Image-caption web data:
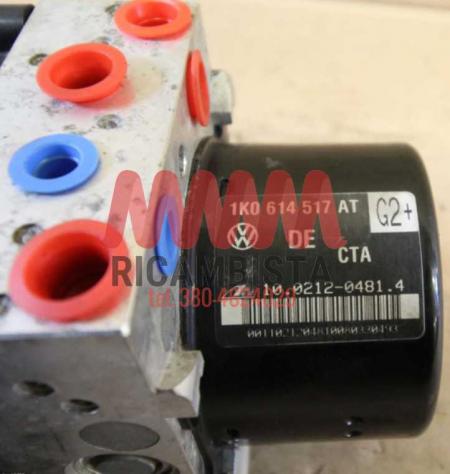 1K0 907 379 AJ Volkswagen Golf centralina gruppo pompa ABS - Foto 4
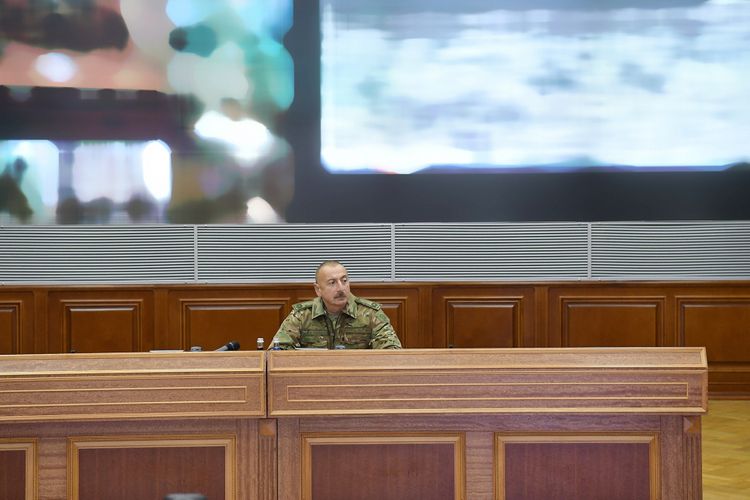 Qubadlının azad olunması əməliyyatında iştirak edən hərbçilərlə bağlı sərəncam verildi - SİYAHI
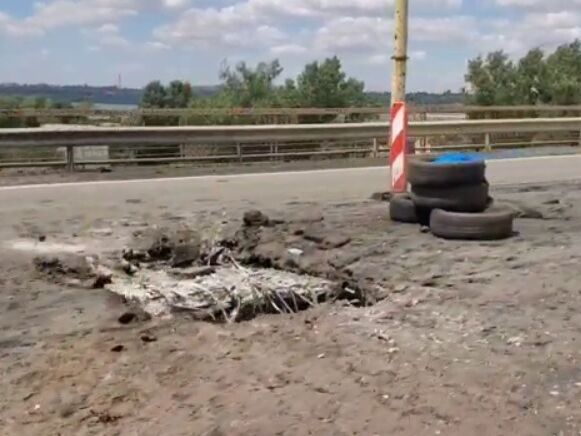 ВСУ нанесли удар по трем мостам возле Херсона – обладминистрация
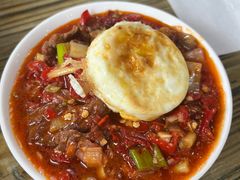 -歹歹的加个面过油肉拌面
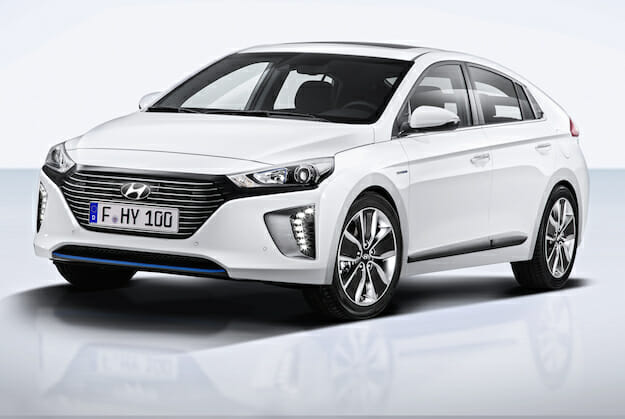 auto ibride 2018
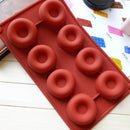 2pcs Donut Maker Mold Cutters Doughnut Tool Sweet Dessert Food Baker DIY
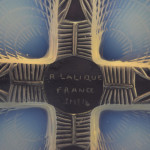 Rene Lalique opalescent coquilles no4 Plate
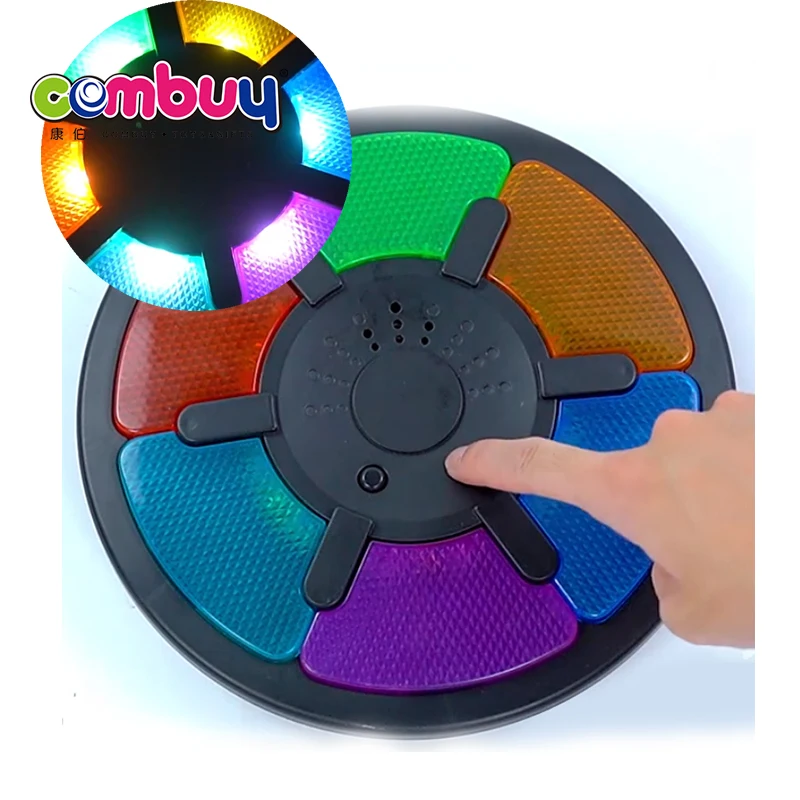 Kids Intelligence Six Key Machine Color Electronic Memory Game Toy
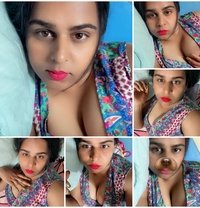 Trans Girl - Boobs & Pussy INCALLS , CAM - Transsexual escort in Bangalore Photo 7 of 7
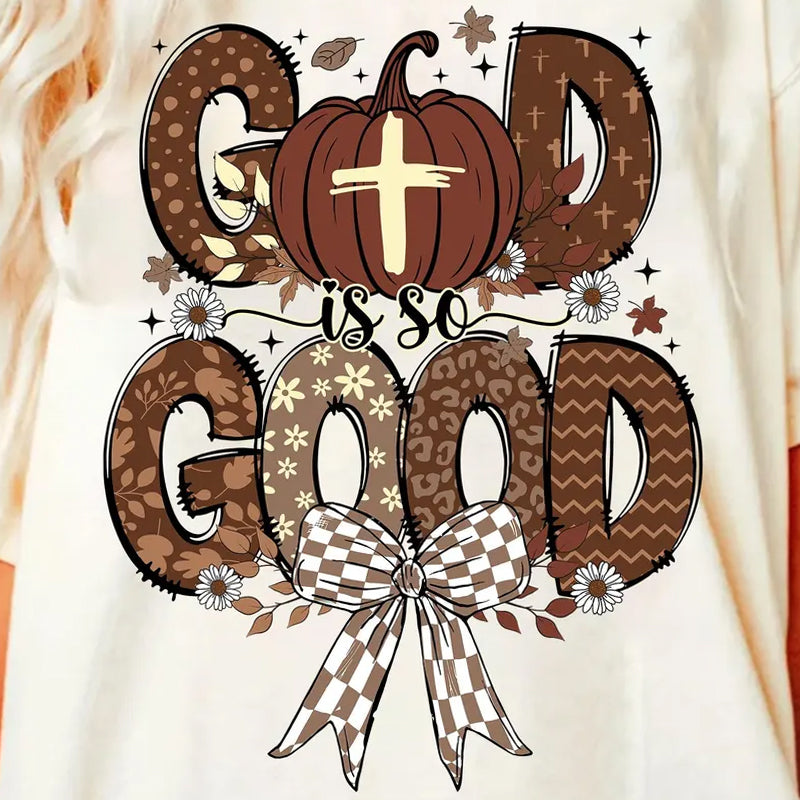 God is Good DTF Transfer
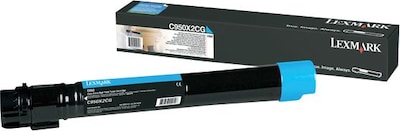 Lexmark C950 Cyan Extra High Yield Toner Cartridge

...

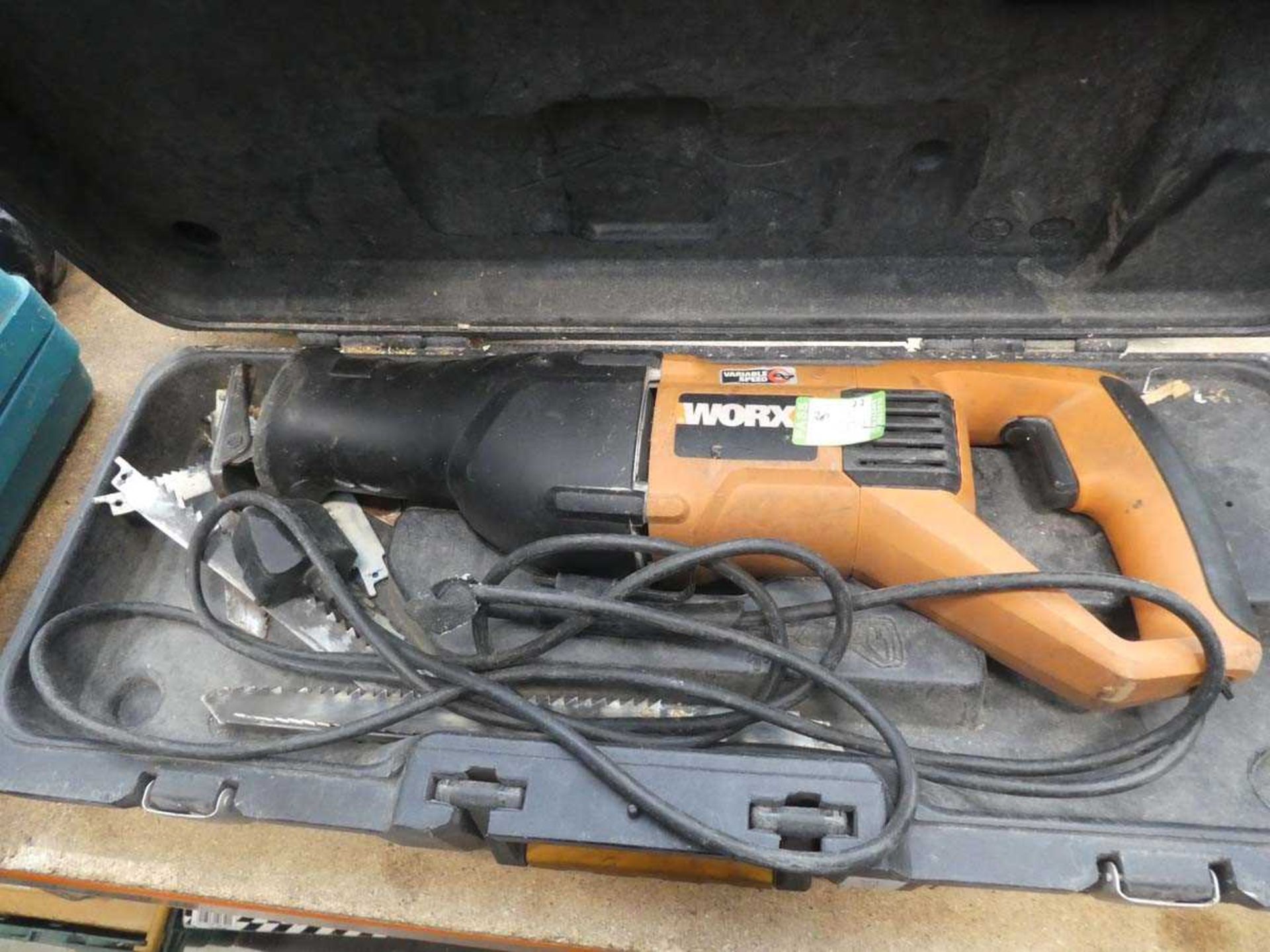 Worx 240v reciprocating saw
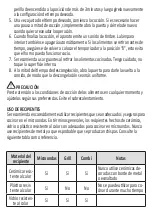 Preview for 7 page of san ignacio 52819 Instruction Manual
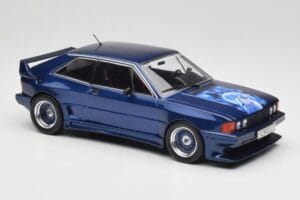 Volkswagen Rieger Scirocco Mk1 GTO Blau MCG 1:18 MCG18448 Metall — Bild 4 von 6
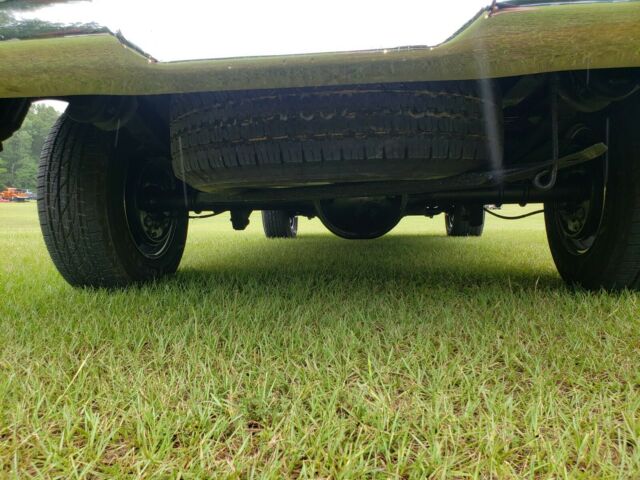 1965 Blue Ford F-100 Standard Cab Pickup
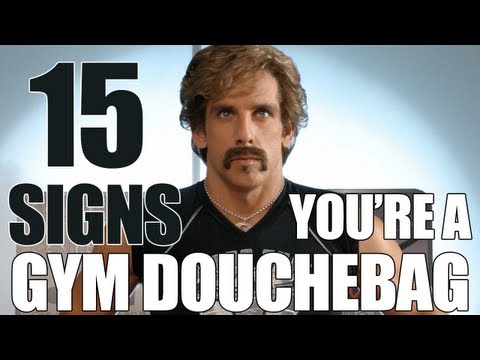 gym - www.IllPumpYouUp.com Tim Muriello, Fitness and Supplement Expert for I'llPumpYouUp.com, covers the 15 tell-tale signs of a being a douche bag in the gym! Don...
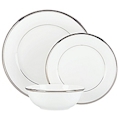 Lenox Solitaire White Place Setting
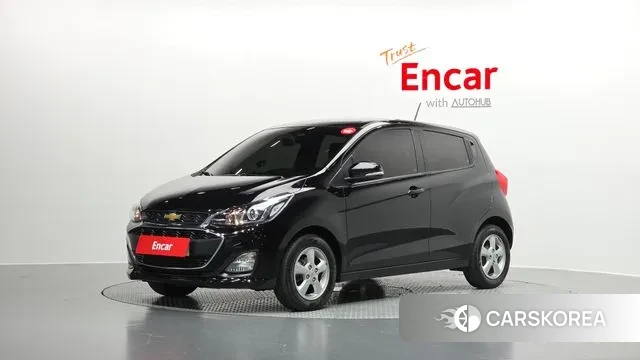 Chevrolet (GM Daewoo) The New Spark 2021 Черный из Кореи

* _Task description_: Take the lines above starting at the one containing "1K0 907 379" and ending at the one containing "Rene Lalique opalescent coquilles no4 Plate", and print them again exactly, without pictures.

* _Result for this exercise_:
 1K0 907 379 AJ Volkswagen Golf centralina gruppo pompa ABS - Foto 4
 Qubadlının azad olunması əməliyyatında iştirak edən hərbçilərlə bağlı sərəncam verildi - SİYAHI
 ВСУ нанесли удар по трем мостам возле Херсона – обладминистрация
 -歹歹的加个面过油肉拌面
 auto ibride 2018
 2pcs Donut Maker Mold Cutters Doughnut Tool Sweet Dessert Food Baker DIY
 Rene Lalique opalescent coquilles no4 Plate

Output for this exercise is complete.